Neither does it seem that China wants to risk being involved in trade wars with the West. Chinese companies, particularly those established in the US, appear to be equally circumspect about breaking US sanctions.
Putin’s war in Ukraine has highlighted the resilience and also the limitations of Sino-Russian partnership. Far from being an “arc of autocracy”, this could be described as an interests-based relationship between strategically autonomous powers. Also more rhetorical than time and action tested.
Foreign policy coordination between China and Russia is limited by their different views of global order. Beijing wants a stable international system, skewed in its favour, whereas Moscow thrives on disorder and uncertainty.
Xi Jinping aims to preserve the Sino-Russian partnership while maintaining ties with the West. But Beijing’s balancing act will become harder to sustain as the war continues.

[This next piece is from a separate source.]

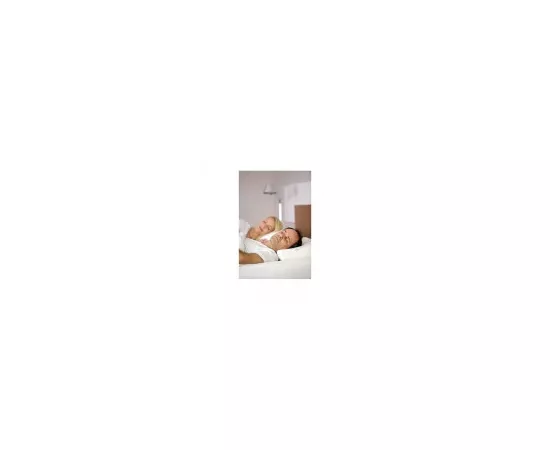 Sissel Silencium Plus Anti Snoring Pillow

The balance of power within the bilateral relationship has tilted sharply towards Beijing. Russia is more reliant on China than ever. The long-term outlook for the relationship is unpromising.
At their Beijing summit in February 2022, Chinese President Xi Jinping and Russian President Vladimir Putin proclaimed a “friendship without limits”. Yet Putin’s invasion of Ukraine, and the Chinese response to it, has exposed the limitations of the Sino-Russian partnership.
Far from being an “axis of authoritarians”, as described by western observers, this is a traditional great power relationship centred in strategic calculus. Chinese and Russian interests diverge in key respects, and the war has highlighted contrasting visions of global order and disorder.
Xi Jinping has attempted to chart a “neutral” course that maintains the partnership with Russia but protects China’s global interests. This balancing act might become harder to sustain if the Ukraine war drags on.
Both sides value the partnership as too important to fail. But over time, its strengthmay erode. As both pursue different global ambitions, the cohesions may become fewer. The relationship will become increasingly unequal and dysfunctional, and would be defined principally by its constraints.
China’s regional ambitions
Meanwhile, Central Asia has become of increasing strategic importance to China as a result of the Russia-Ukraine conflict, which has pinched direct supply chain routes between China and the EU. It is just like how Russia views Ukraine and other former Soviet republics in its immediate neighbourhood.
China has invested much in C+C5 alliance, supported by the Shanghai Cooperation Organisation in terms of security and trade. The trade aspect also includes the Eurasian Economic Union (EAEU), which includes Russia as well as C+C5 members Kazakhstan and Kyrgyzstan, while Uzbekistan is an observer nation and expected to join the block soon.
Interestingly, China has a Free Trade Agreement with the EAEU but has not yet agreed tariff reductions. When it does, regional China-Central Asian trade will increase significantly.
While at its core is the issue of Afghanistan, the C+C5 is intent on becoming an institutionalised regional voice.
While the C5 already have their own dialogue arrangements with Russia – which also includes infrastructure developments and trade, the China format allows them some ability to compare as well as cooperate. Given the issues between Russia and the European Union right now, winners will be China and the C5 states.
Thus, though for the time being China will continue to support Russia, and may not give-up the ideological common ground militarily but economic factors may impel it to overlook Russian interests in certain matters, as it continues to consolidate its global power and also in the central Asian region guided by its economic goals.